■ Records to use
========

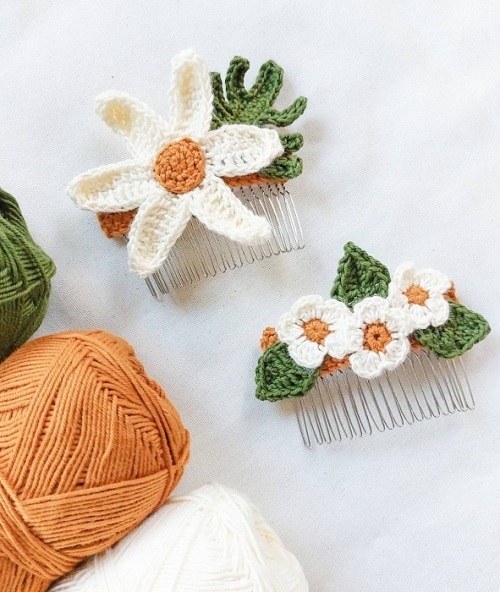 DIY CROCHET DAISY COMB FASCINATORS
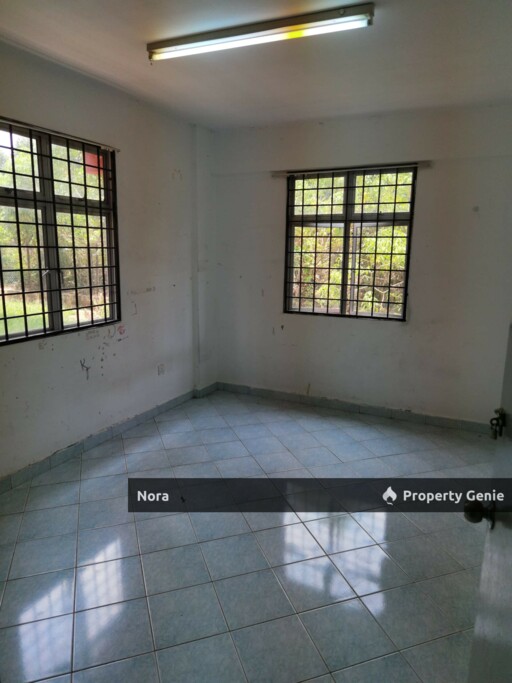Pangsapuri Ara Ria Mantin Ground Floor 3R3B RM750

========

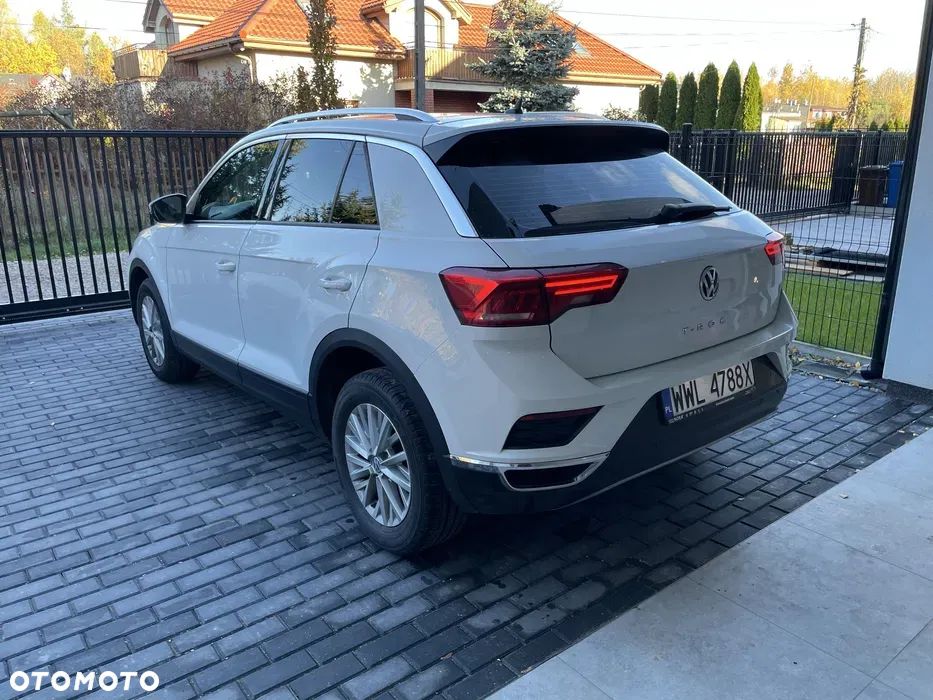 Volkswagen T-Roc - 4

========

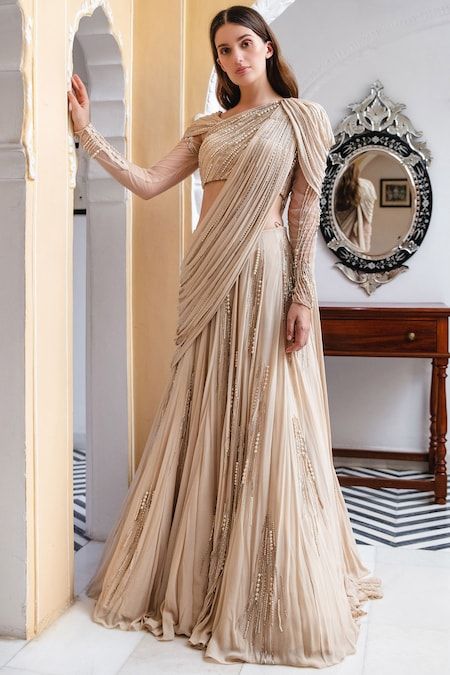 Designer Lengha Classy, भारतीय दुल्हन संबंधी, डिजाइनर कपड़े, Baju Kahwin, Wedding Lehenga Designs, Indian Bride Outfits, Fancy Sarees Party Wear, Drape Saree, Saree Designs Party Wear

========

■ Work order
Where a picture appears in the records above, omit it, and transcribe exactly the stretch of lines from the one with "DIY CROCHET DAISY COMB FASCINATORS" through the one with "Pangsapuri Ara Ria".

■ Exercise result
 DIY CROCHET DAISY COMB FASCINATORS
Pangsapuri Ara Ria Mantin Ground Floor 3R3B RM750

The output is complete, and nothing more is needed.